Participants and Method
Eighteen Spanish-speaking participants completed a series of cognitive and emotional measures pre- and post-training, including objective measures of cognitive functioning (Montreal Cognitive Assessment, Spanish-version; MoCA), self-reported mood measures (Beck Depression Inventory, BDI; Beck Anxiety Inventory, BAI-Spanish version), and subjective cognitive complaints questionnaire (Subjective Cognitive Decline Questionnaire, Spanish version). Drawing from existing literature on effective interventions for subjective cognitive impairment (Reijnders et al., 2015), this research focused on delivering a five-week intervention program in Spanish, which included psychoeducation on cognition, cognitive strategy training, and applied practice of mindfulness techniques. Furthermore, this intervention incorporated Personalismo and indirect communication, which was applied by engaging with participants in a warm and culturally appropriate manner (Jiménez et al., 2014).
Results
Participants demonstrated significant improvement in overall MoCA scores.
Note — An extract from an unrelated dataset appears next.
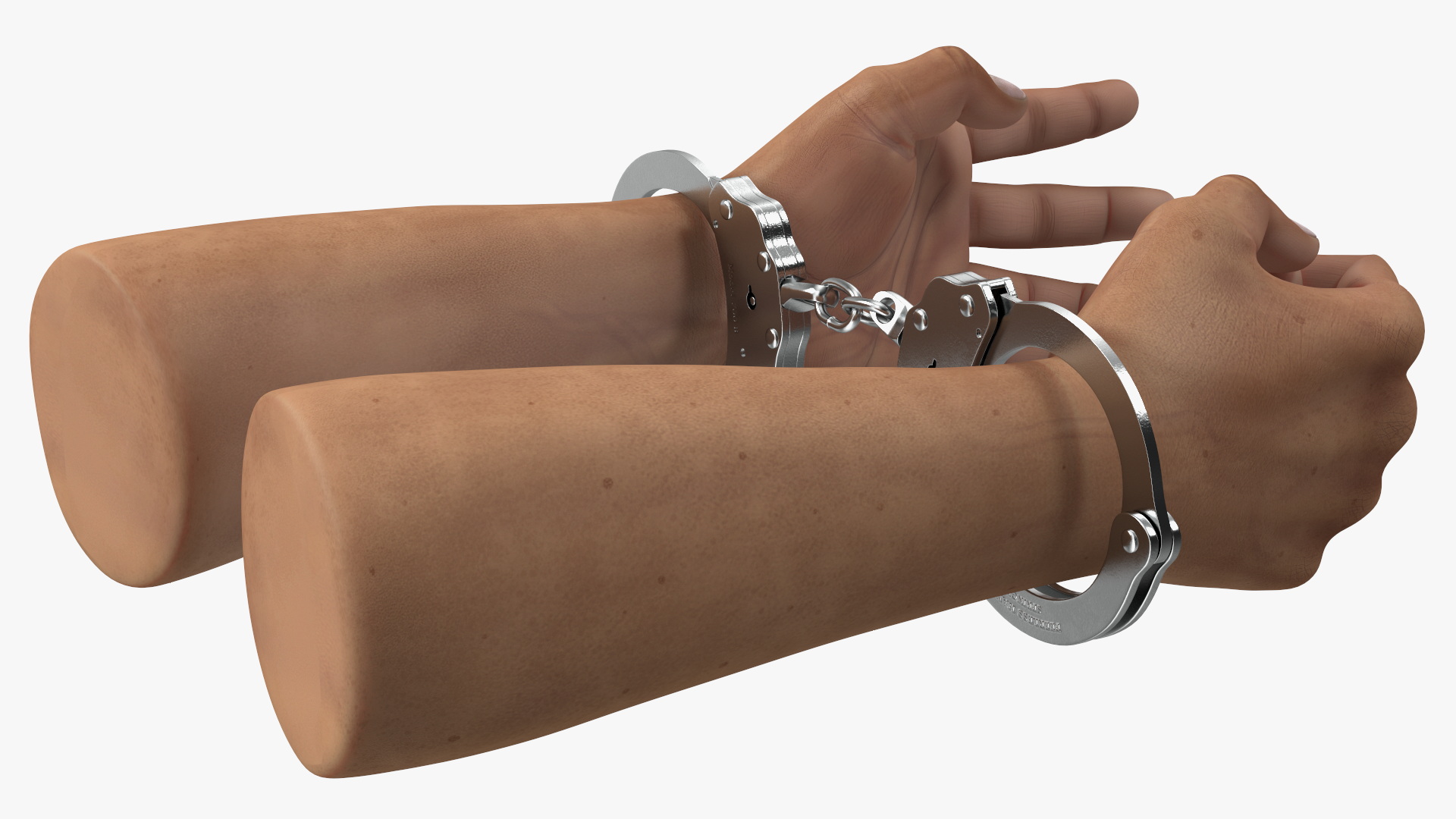 3D Man Hands with Short Chain Handcuffs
Improvements in subjective cognitive performance, as well as decreases in depression and anxiety (as indicated by the BDI and BAI, respectively) were noted. Results also showed that changes in mood, anxiety, and subjective cognitive performance were not predictive of improvements in MoCA performance, lending support to the hypothesis that skills learned in the program contributed to improved cognitive performance.
Conclusions
Overall, these results demonstrate that linguistically and culturally tailored psychoeducation regarding cognition, cognitive skills training, and mindfulness, can positively impact subjective and objective cognitive performance, as well as psychological wellbeing among Spanish-speaking adults.
References
Jiménez, A.L., Alegría, M., Camino-Gaztambide, R.F., & Zayas I, L.V. (2014) Cultural sensitivity: What should we understand about Latinos? In R. Parekh (ed.) The Massachusetts General Hospital Textbook on Diversity and Cultural Sensitivity in Mental Health (pp.61-70). New York, NY: Springer. Rebok, G. W., Ball, K., Guey, L. T., Jones, R. N., Kim, H. Y., King, J. W., … ACTIVE Study Group (2014). Ten-year effects of the advanced cognitive training for independent and vital elderly cognitive training trial on cognition and everyday functioning in older adults. Journal of the American Geriatrics Society, 62(1), 16–24. doi:10.1111/jgs.12607.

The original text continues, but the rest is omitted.